### Collected data
══════════════════════════════

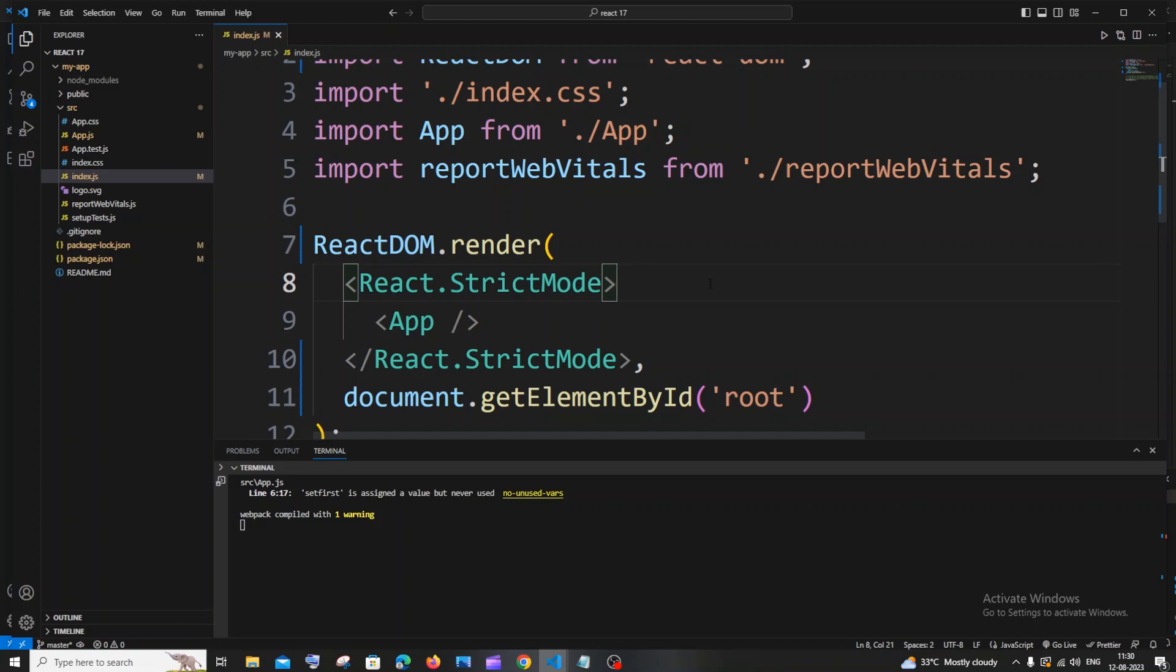Hi everyone! In this video I will be showing you how to upgrade your React.js to the latest version. So let's get started.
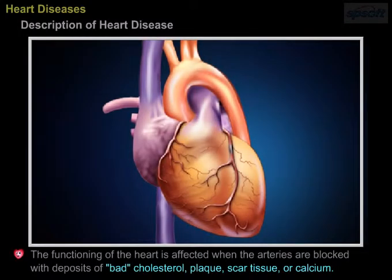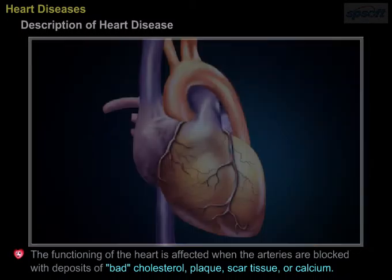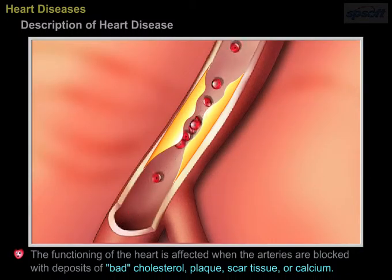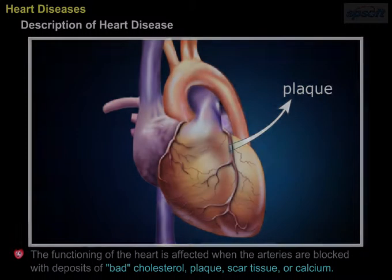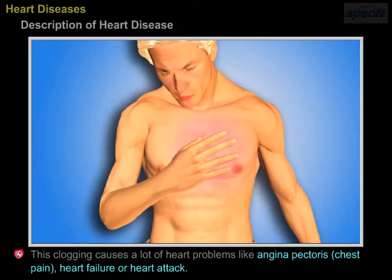Description of heart disease. The function of the heart is affected when the arteries are blocked with deposits of bad cholesterol, plaque, scar tissue, or calcification. This clogging causes a lot of heart problems like angina pectoris chest pain, heart failure, or heart attack.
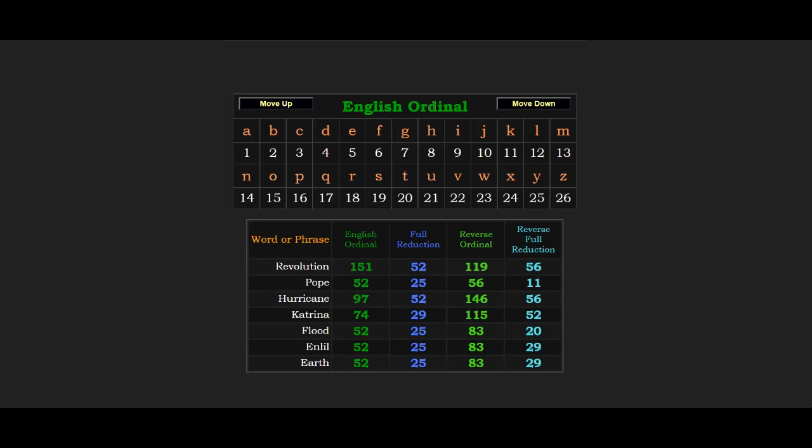When the earth circles the sun in a year, that is one revolution around the sun. You see how all that connects.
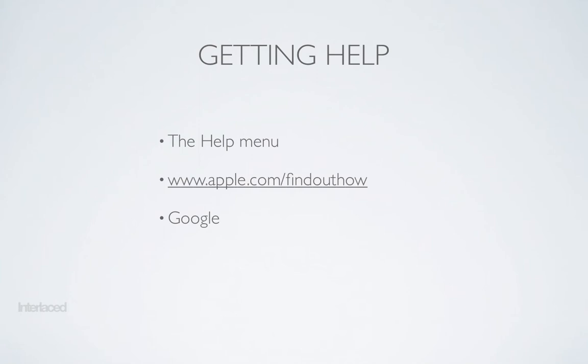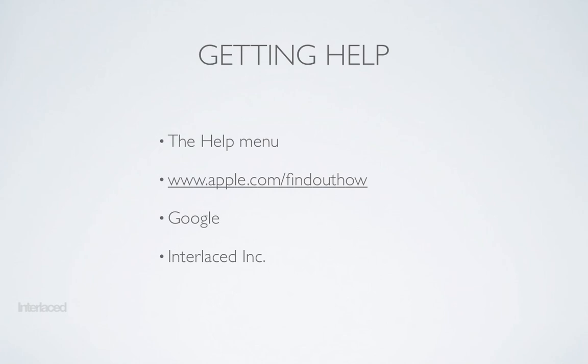Lastly, this video would be worthless if it weren't for a shameless plug. You can contact us at Interlaced Inc. Our website is interlacedinc.com and we would be happy to help you find answers or fix problems or teach you how to use something. Those are my top four suggestions for getting help on your Mac when you get stuck. I hope it helps you.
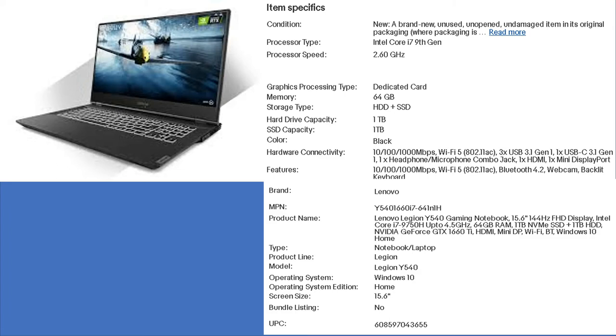If you want a laptop that is great for gaming and also for intense graphic design, your search has ended. This laptop offers state-of-the-art performance with more than enough space to store files.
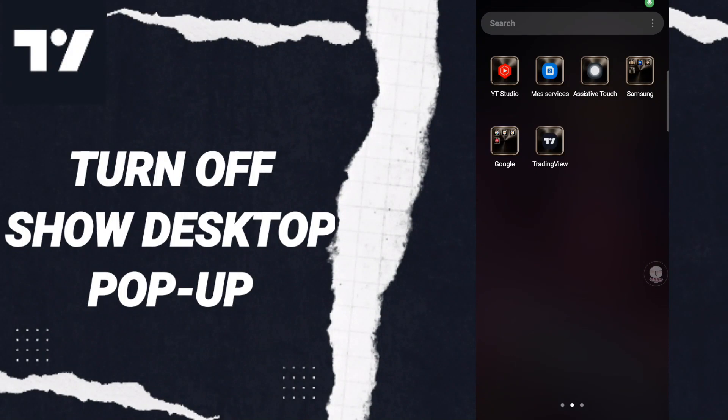Hi everyone, today we will talk about how to turn off show desktop pop-up on the application of TradingView. To know how to turn off show desktop pop-up on the application of TradingView, you should just follow these steps.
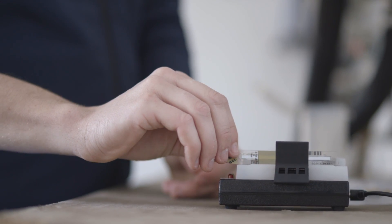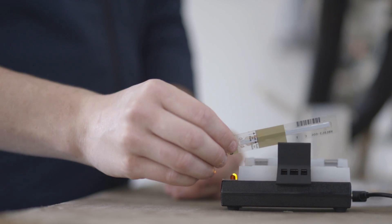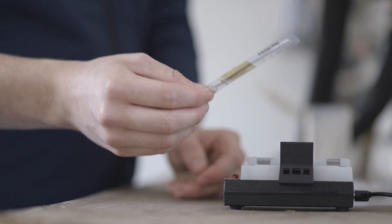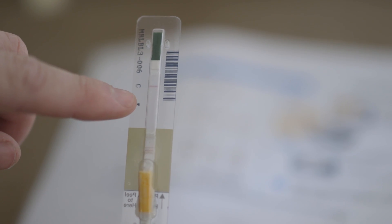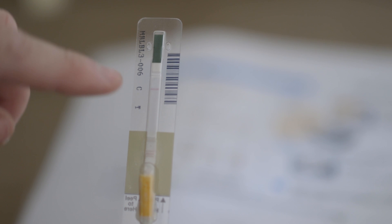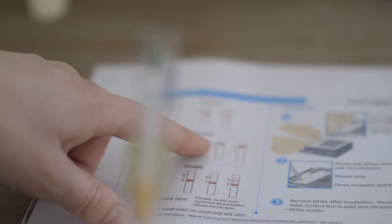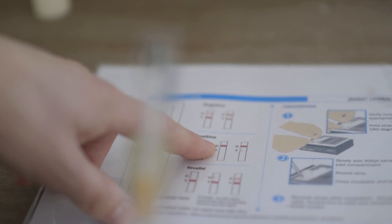On our positive example, it's the opposite. Our control line is much darker than our test line.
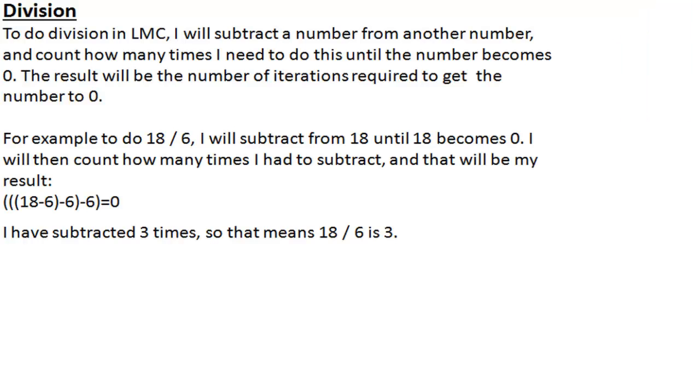LMC also doesn't have a division function. So to do division, we have to use subtraction. To divide something, we have to subtract x from y until y is 0, and then our result is actually how many times we had to subtract.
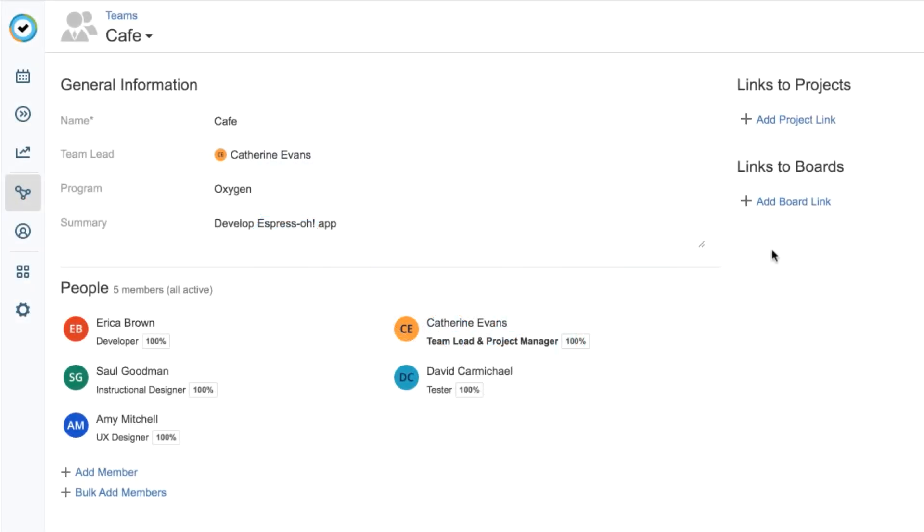In this video, I'll show you how to create a team and add members to it, as well as how to add team roles if the ones available don't cover your team's skill set.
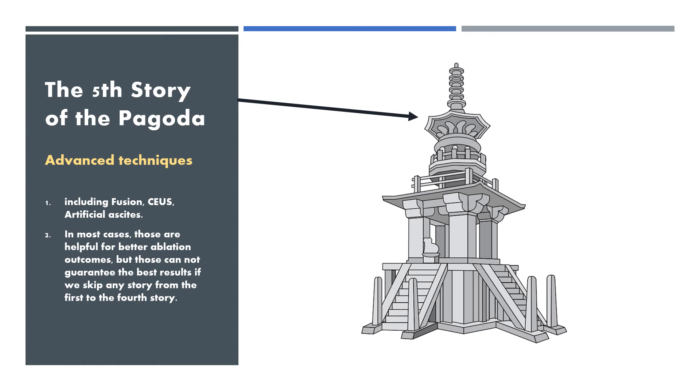The fifth story of the pagoda is advanced techniques, including fusion, contrast-enhanced ultrasound, and artificial ascites. In most cases, those are useful for better ablation outcomes.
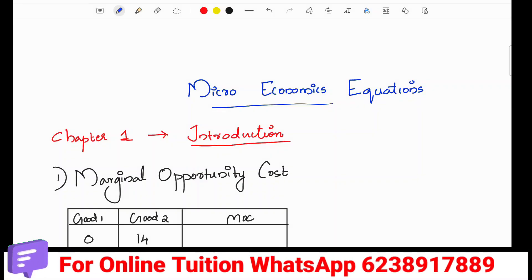Hi friends, welcome back to my channel, your online teacher. We are going to talk about a chapter-wise overview in microeconomics. We are going to cover the important equations in microeconomics, starting with the first part of the introduction.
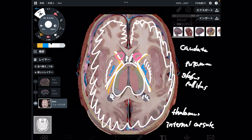In today's video, I explained the deep structures of the brain, particularly around the limbic system and basal ganglia. If you liked today's video, please hit the like button, comment, and subscribe. See you in the next video.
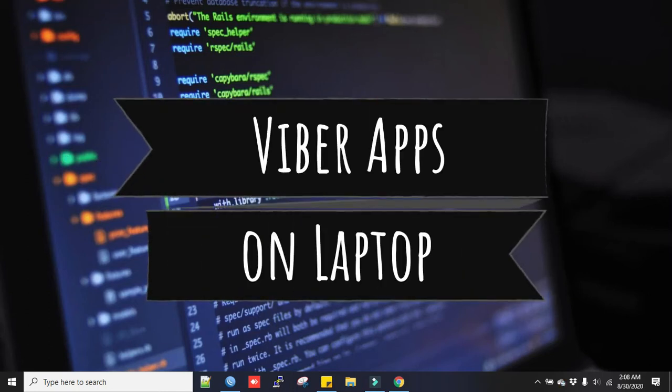Hi everyone, welcome back to my channel. Today I will show you how to use Viber app on PC or laptop.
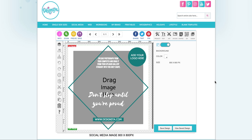How to use the image holder shapes. When you're in Designster and you see one of the templates that has one of these grey shapes in them, it could be a square or a rectangle or a circle shape — that is an image holder shape.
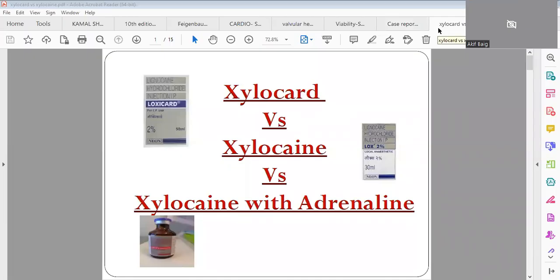Hello everyone, welcome to my YouTube channel Dr. Active Day. Today we will be talking about Xylocard versus Xylocaine versus Xylocaine with adrenaline. During our clinical practice we commonly encounter these drugs, so there is always confusion.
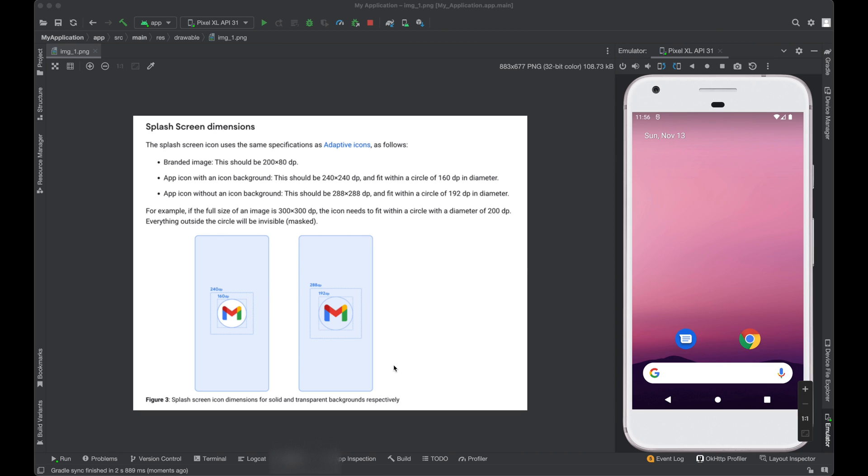So after Android version 12 and above, Google team introduced a new API to create a splash screen.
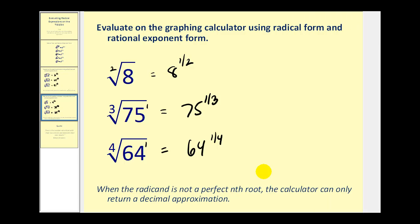That will do it for how to evaluate radical expressions on the graphing calculator. Again, you have the choice of using radical form or rational exponent form. I hope you found this video helpful.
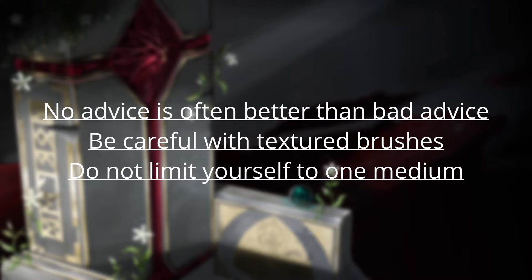Do not limit yourself to one medium. All art fundamentals are interchangeable. Being a good photographer will make you a better 3D modeler. And then being able to take a break from mediums prevents burnout, but you're still actively improving and practicing your artistic skills in another field.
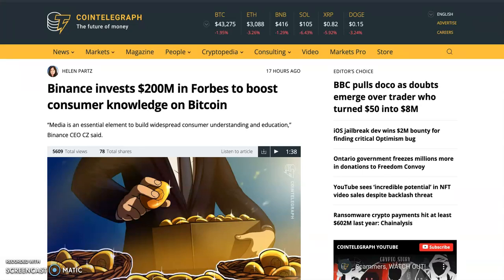Binance has invested $200 million in Forbes to boost consumer knowledge on Bitcoin. While this is good news for crypto education, it also raises concerns about centralization. Binance already owns CoinMarketCap, Trust Wallet, and some of the biggest exchanges in India and Nigeria. It's good that they're helping bring crypto education, but it does bring more centralization — though as long as centralization is in the hands of someone doing good, it may be acceptable.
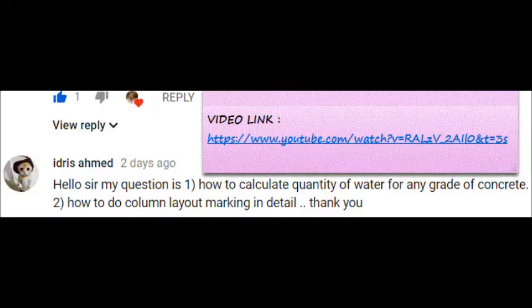One question has come. Let us see what is that exact question. Yes, the question is like this. Hello sir, Mr. Idris Ahmad is speaking. Hello sir, my question is: How to calculate the quantity of water for any grade of concrete? This is a fantastic question — water required for concreting. So, let us answer this.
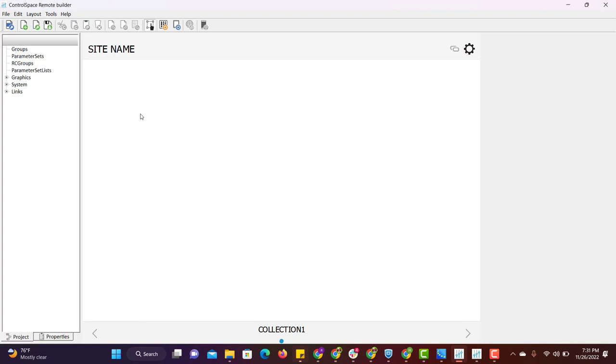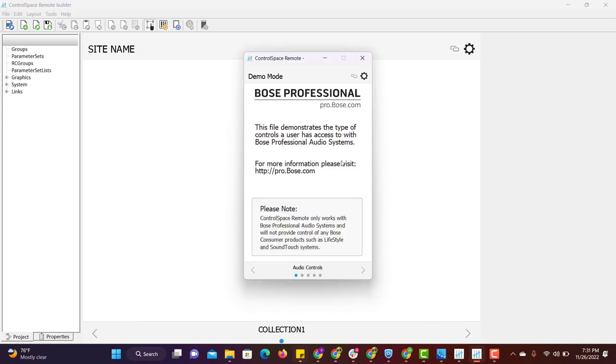Once the UI or UX is ready, then from ControlSpace Remote Builder, we will move to ControlSpace Remote. ControlSpace Remote is an application which we will install on iPad, and this is a free application provided by Bose.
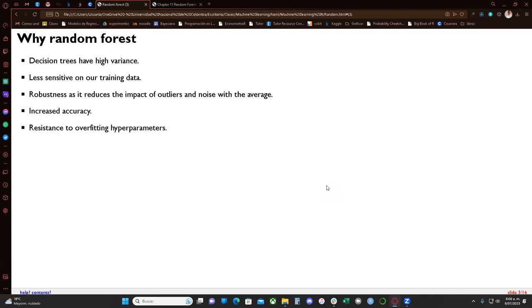Random forest is less sensitive to training data since it is randomized. It can have two or three random components, so it is highly randomized. That helps us to be less specific to training data and more generalized to any future data that we need to use. Another thing random forest has is robustness.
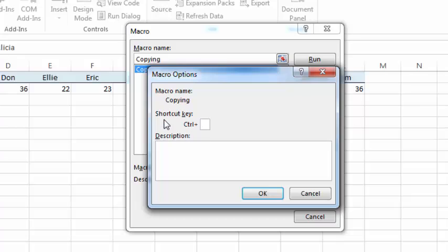You've got the shortcut key option in the Macro Options dialog box, and in here you can type any letter you want. It cannot be a number, it cannot be any special character, it must be a letter.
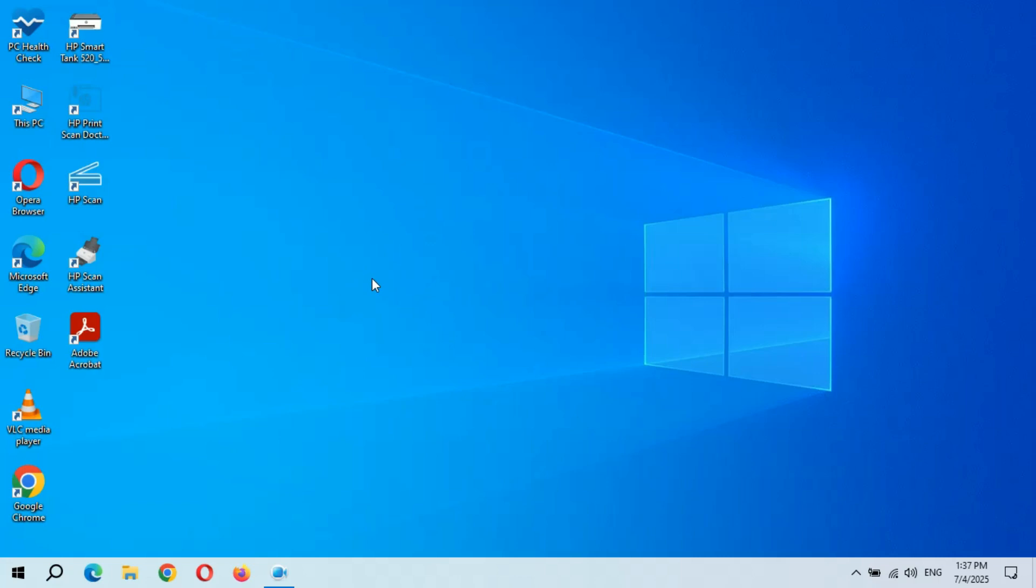Hey guys, welcome to my channel. In this video I'm gonna show you how to make a Windows 11 bootable USB flash drive. Let's get started. For this, first download the Windows 11 ISO file.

══════════════════════════════

### Exercise instructions
Except for the pictures, write the data out exactly.

### Output for this exercise
Hi everyone! In this video I will be showing you how to upgrade your React.js to the latest version. So let's get started.
Description of heart disease. The function of the heart is affected when the arteries are blocked with deposits of bad cholesterol, plaque, scar tissue, or calcification. This clogging causes a lot of heart problems like angina pectoris chest pain, heart failure, or heart attack.
When the earth circles the sun in a year, that is one revolution around the sun. You see how all that connects.
Lastly, this video would be worthless if it weren't for a shameless plug. You can contact us at Interlaced Inc. Our website is interlacedinc.com and we would be happy to help you find answers or fix problems or teach you how to use something. Those are my top four suggestions for getting help on your Mac when you get stuck. I hope it helps you.
If you want a laptop that is great for gaming and also for intense graphic design, your search has ended. This laptop offers state-of-the-art performance with more than enough space to store files.
Hi everyone, today we will talk about how to turn off show desktop pop-up on the application of TradingView. To know how to turn off show desktop pop-up on the application of TradingView, you should just follow these steps.
On our positive example, it's the opposite. Our control line is much darker than our test line.
LMC also doesn't have a division function. So to do division, we have to use subtraction. To divide something, we have to subtract x from y until y is 0, and then our result is actually how many times we had to subtract.
In this video, I'll show you how to create a team and add members to it, as well as how to add team roles if the ones available don't cover your team's skill set.
The fifth story of the pagoda is advanced techniques, including fusion, contrast-enhanced ultrasound, and artificial ascites. In most cases, those are useful for better ablation outcomes.
Hi friends, welcome back to my channel, your online teacher. We are going to talk about a chapter-wise overview in microeconomics. We are going to cover the important equations in microeconomics, starting with the first part of the introduction.
In today's video, I explained the deep structures of the brain, particularly around the limbic system and basal ganglia. If you liked today's video, please hit the like button, comment, and subscribe. See you in the next video.
Hi everyone, welcome back to my channel. Today I will show you how to use Viber app on PC or laptop.
How to use the image holder shapes. When you're in Designster and you see one of the templates that has one of these grey shapes in them, it could be a square or a rectangle or a circle shape — that is an image holder shape.
Hello everyone, welcome to my YouTube channel Dr. Active Day. Today we will be talking about Xylocard versus Xylocaine versus Xylocaine with adrenaline. During our clinical practice we commonly encounter these drugs, so there is always confusion.
So after Android version 12 and above, Google team introduced a new API to create a splash screen.
That will do it for how to evaluate radical expressions on the graphing calculator. Again, you have the choice of using radical form or rational exponent form. I hope you found this video helpful.
Do not limit yourself to one medium. All art fundamentals are interchangeable. Being a good photographer will make you a better 3D modeler. And then being able to take a break from mediums prevents burnout, but you're still actively improving and practicing your artistic skills in another field.
Binance has invested $200 million in Forbes to boost consumer knowledge on Bitcoin. While this is good news for crypto education, it also raises concerns about centralization. Binance already owns CoinMarketCap, Trust Wallet, and some of the biggest exchanges in India and Nigeria. It's good that they're helping bring crypto education, but it does bring more centralization — though as long as centralization is in the hands of someone doing good, it may be acceptable.
One question has come. Let us see what is that exact question. Yes, the question is like this. Hello sir, Mr. Idris Ahmad is speaking. Hello sir, my question is: How to calculate the quantity of water for any grade of concrete? This is a fantastic question — water required for concreting. So, let us answer this.
Once the UI or UX is ready, then from ControlSpace Remote Builder, we will move to ControlSpace Remote. ControlSpace Remote is an application which we will install on iPad, and this is a free application provided by Bose.
Random forest is less sensitive to training data since it is randomized. It can have two or three random components, so it is highly randomized. That helps us to be less specific to training data and more generalized to any future data that we need to use. Another thing random forest has is robustness.
You've got the shortcut key option in the Macro Options dialog box, and in here you can type any letter you want. It cannot be a number, it cannot be any special character, it must be a letter.
Hey guys, welcome to my channel. In this video I'm gonna show you how to make a Windows 11 bootable USB flash drive. Let's get started. For this, first download the Windows 11 ISO file.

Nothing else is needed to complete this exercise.